Markets remained buoyant Thursday as investors cheered the ECB's package of measures. In Europe, Germany's DAX was up 2.1 percent at 7,113 while the CAC-40 in France surged 2.3 percent to 3,484. The FTSE 100 index of leading British shares was 1.2 percent higher at 5,728.
The euro, meanwhile, was flat at $1.2593.
"The ECB did not disappoint in its decision to start a vast bond purchase programme," said Marie Dimon, senior economic adviser at Ernst & Young
Bond purchases push bond prices up and interest yields down, since price and yield move in opposite directions. Governments can then take advantage of the lower yields when they borrow. Countries must constantly borrow by selling new bonds to pay off old ones that are coming due. If rates rise too much, it can make it impossible for the country to maintain its debt burden. That's what forced Greece, Ireland and Portugal to seek bailout loans from other eurozone countries.

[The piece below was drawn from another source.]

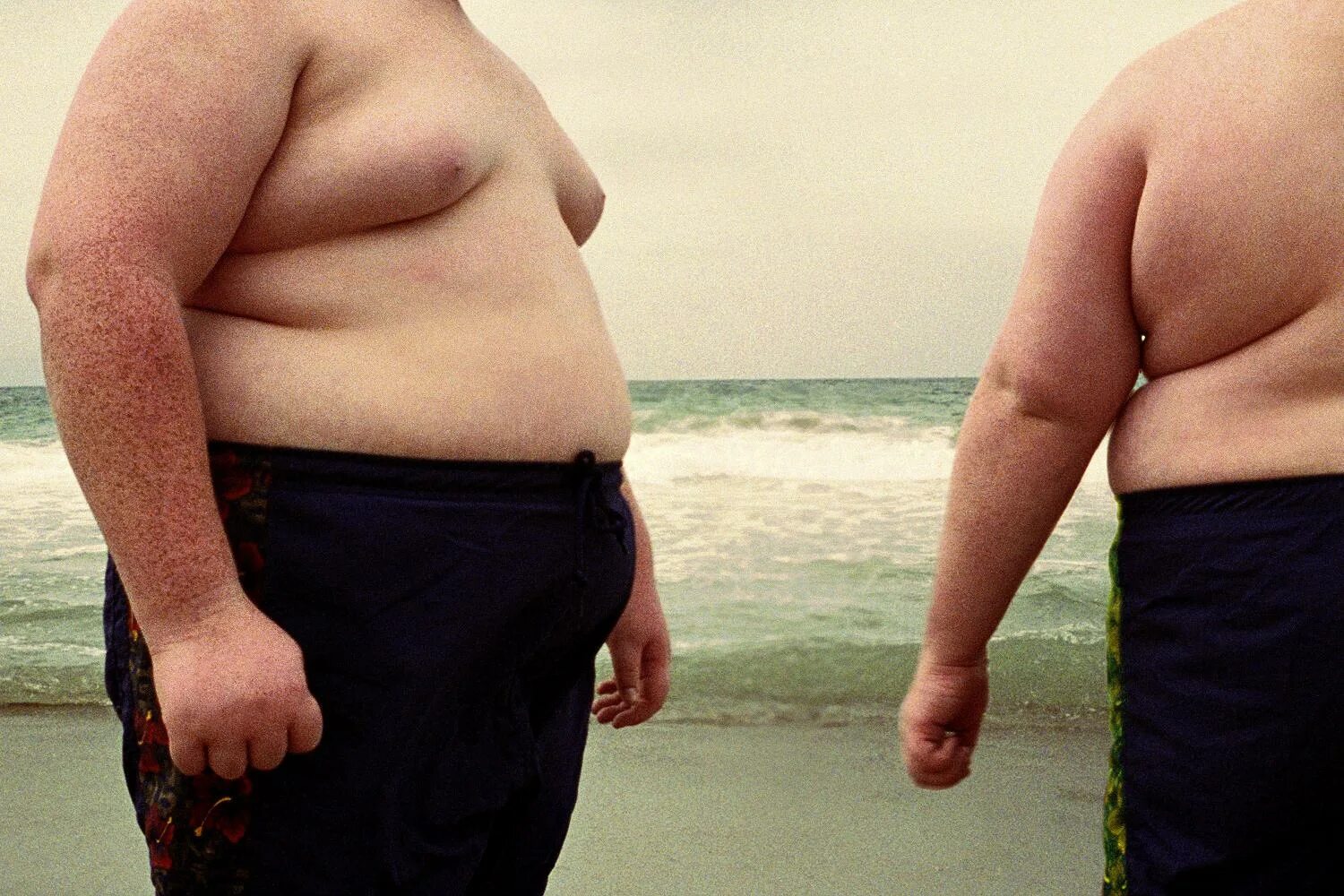 Много толстых мужиков. Ожирение третьей степени (морбидное).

Spain and Italy are in the same difficulty now, with Spain paying more than 6 percent on 10-year borrowing and Italy more than 5 percent. The fear is that they are too large to bail out, and that a failure to pay their debts could trigger financial turmoil that could break the eurozone apart and disrupt the global economy.

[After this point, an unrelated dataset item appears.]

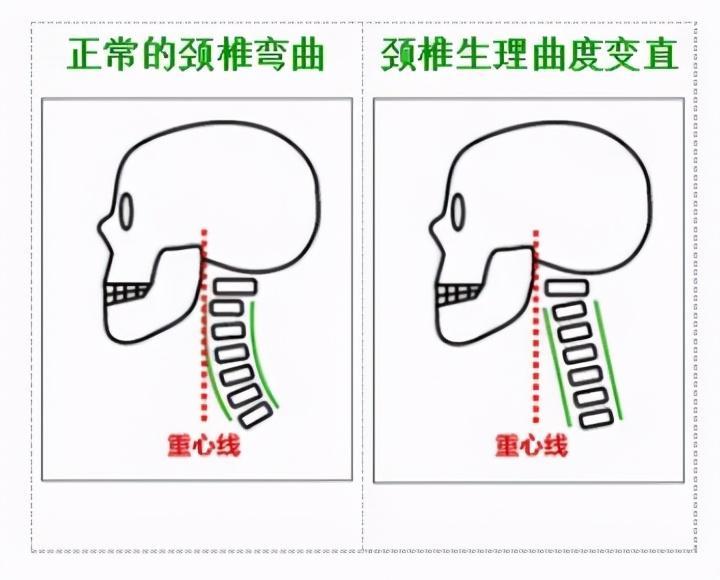 颈椎是有弧度的,而这种 弧度向前弯曲,像一个拉开的弓一样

Following Thursday's announcement, Spain's interest rate on its 10-year bond was down 0.3 percent on the day at 6.09 percent, while Italy's 10-year rate was down 0.18 percent at 5.25 percent.
A key feature of the OMT is that countries that want the ECB to buy their bonds must first officially ask for help from Europe's bailout funds and agree to "strict and effective" budget policy conditions. That is to ensure they won't relax their efforts to reduce deficits once the bond purchases take the financial pressure off them.
The ECB said the International Monetary Fund — which has long experience pushing governments to stick with loan conditions — should be involved in enforcing conditions.
Some analysts believed the OMT program unveiled Thursday would not solve the underlying problems in the eurozone, however. "Without trying to be a 'party pooper'," said Neil MacKinnon, global macro strategist at VTB Capital, "suppressed borrowing costs certainly provide relief in the short term but do not resolve problems of solvency and debt unsustainability."